La Reina consorte de Alfonso XIII, vestía para la ocasión el traje de baño más moderno del momento, una pieza que, mostrando los pies hasta los tobillos y las manos desde las muñecas, cubría el resto del cuerpo hasta el cuello, es decir, lo más parecido al actual burkini que la sociedad occidental rechaza de plano en las playas y piscinas públicas europeas, pero que en aquellos años 20 cántabros del siglo XX, obedecían a la moral de la época.
Esta última apreciación es de sumo interés —la de la moral de la época—, porque establece un principio cronológico que determina lo que se ajusta, por definición, a la doctrina del obrar humano que pretende regular el comportamiento individual y colectivo en relación con el bien, el mal, y los deberes que implican. Quiere esto decir que la moral está sujeta a la moda, de manera que una conducta sugerida e incluso exigida en un momento puede presentarse como absolutamente polarizada en otro.
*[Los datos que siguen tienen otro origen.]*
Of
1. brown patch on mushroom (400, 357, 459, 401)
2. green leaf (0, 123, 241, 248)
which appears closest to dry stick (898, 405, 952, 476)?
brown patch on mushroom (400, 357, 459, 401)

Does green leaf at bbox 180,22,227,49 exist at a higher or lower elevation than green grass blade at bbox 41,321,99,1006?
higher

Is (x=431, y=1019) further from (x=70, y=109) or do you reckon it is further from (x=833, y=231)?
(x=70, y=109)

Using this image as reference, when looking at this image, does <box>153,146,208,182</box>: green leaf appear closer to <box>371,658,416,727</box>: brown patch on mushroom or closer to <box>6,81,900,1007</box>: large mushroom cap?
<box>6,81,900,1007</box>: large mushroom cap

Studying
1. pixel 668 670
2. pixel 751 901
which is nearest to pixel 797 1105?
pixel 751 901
Muestra de ello es la forma, el fondo y el trasfondo de la Ley de Amnistía de 1977, cuando la moral exigía un instrumento para lograr una reconciliación nacional que facilitara la Transición, allanando una convivencia universal y el desarrollo social, político y económico del país, a la postre perturbada por una serie de grupos terroristas, abandonando la mayoría de ellos la lucha armada por las arenas políticas, a excepción de ETA y sus secuaces. Convivencia que se vio en brete, pero finalmente no mellada, por la asonada del 23F. Así la moral volvió a marcar el ritmo propinando el oportuno castigo a actores e instigadores del golpe de Estado.
Por vereda muy distinta camina la ética que, erigiéndose como el conjunto de normas morales que rigen la conducta de una persona en cualquier ámbito de su vida, se aleja de la moral porque a diferencia de esta no está guiada por la moda sino por la cultura, entendida como el conjunto de rasgos que definen a un grupo humano regido por las mismas costumbres. Quiere esto decir que, mientras en Occidente desayunar al vecino es no sólo un acto aborrecible sino también penalizado, en el contexto de una comunidad antropófaga se convierte en un comportamiento tolerado e incluso respetado, al alcanzar la consideración de comunión mística.
Es precisamente esta identidad social sustentada en el canibalismo la que determina la flexibilidad de la ética. El ejemplo más claro lo tenemos en la Ley de Amnistía que pretende aprobar el Gobierno Central que, lejos de perseguir la convivencia, lleva desde sus inicios fomentando la fractura nacional y la discordia, por más que sus promotores la vendan como la octava maravilla del mundo. Lo mismo reza para exterroristas reclutados en listas electorales, o para el 1-O en Cataluña, donde la elasticidad de la ética permite la impunidad a los actores e instigadores del golpe de Estado.
En este maremagno el árbol no deja ver el bosque, así, en tanto Óscar Puente protesta porque lo califiquen de eslabón perdido, aunque no haya quien lo haga bajar del árbol, a la par La Yoly, caja de cerillas en mano y más inflamable que la gasolina, calcina a todo partido y candidato que se le acerque y, cual Atila, por donde pasa no vuelve a crecer la hierba. Pero mientras tantos evocan en este momento a Begoña, la ética y la moral, lo cierto es que el mayor desastre de España no es la mujer del César, sino que a seis meses de la investidura, el Gobierno no tiene presupuesto ni programa. Sólo otra nación —Bélgica— fue capaz de encadenar un periodo mayor de ausencia gubernamental, dos años demostrando lo superfluo, gravoso y disparatado que puede ser Perico hecho fraile, a quien no le despegan las nalgas del cuero azul ni con agua hirviendo.